Repeat exactly, and only, the lines of the entries below from the one with "Businessman Driving a Car" through the one with "Colorful vegetables and", both ends included.

** Material for the task follows **

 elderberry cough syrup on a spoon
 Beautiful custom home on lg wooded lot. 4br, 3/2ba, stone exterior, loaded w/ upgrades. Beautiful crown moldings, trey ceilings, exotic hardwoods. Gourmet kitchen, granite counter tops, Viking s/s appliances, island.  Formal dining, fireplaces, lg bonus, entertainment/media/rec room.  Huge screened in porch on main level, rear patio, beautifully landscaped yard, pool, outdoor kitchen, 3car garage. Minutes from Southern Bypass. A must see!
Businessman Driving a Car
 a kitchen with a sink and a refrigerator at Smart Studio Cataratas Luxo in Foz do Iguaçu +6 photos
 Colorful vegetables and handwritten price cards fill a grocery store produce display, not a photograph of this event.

** End of Material for the task **
** Material for the task follows **

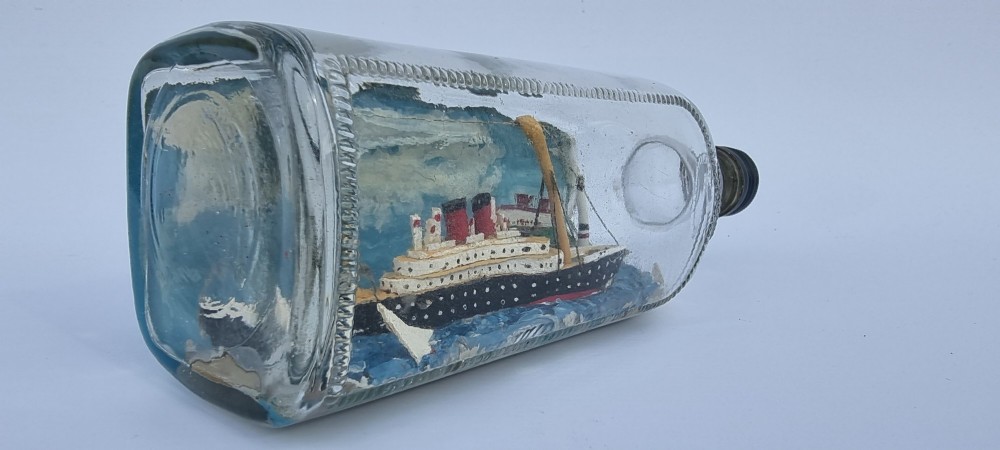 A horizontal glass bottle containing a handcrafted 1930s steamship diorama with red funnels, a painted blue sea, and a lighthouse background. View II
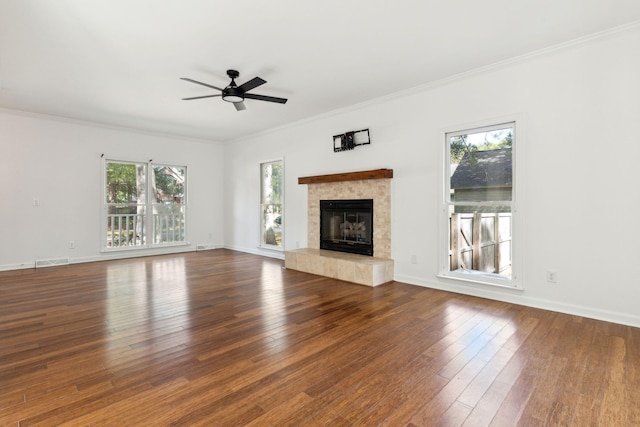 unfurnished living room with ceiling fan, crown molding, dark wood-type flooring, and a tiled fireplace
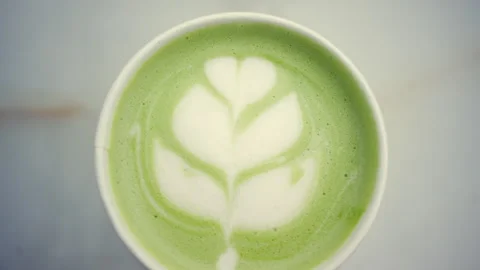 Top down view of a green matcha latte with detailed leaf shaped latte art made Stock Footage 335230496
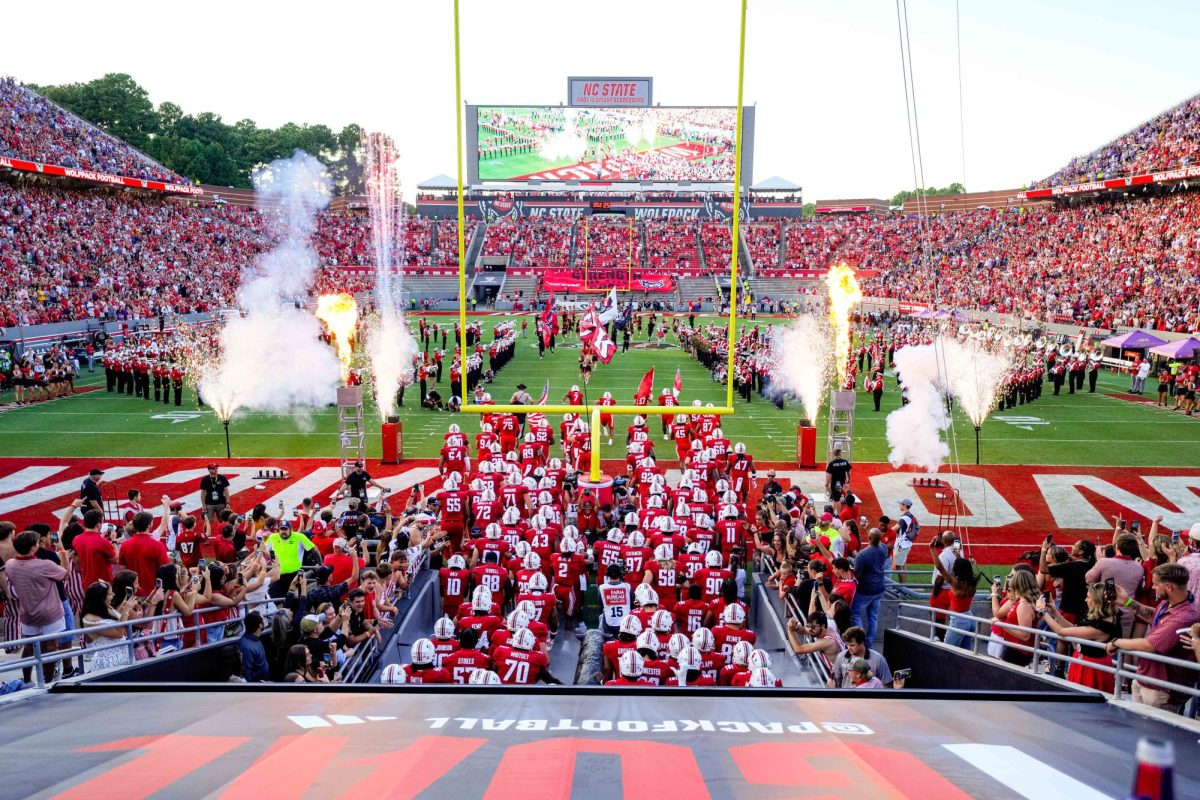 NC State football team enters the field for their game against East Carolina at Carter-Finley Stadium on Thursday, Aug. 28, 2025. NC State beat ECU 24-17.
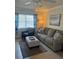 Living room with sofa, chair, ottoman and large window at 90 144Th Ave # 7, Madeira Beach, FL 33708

** End of Material for the task **

### Result of the exercise
Businessman Driving a Car
 a kitchen with a sink and a refrigerator at Smart Studio Cataratas Luxo in Foz do Iguaçu +6 photos
 Colorful vegetables and handwritten price cards fill a grocery store produce display, not a photograph of this event.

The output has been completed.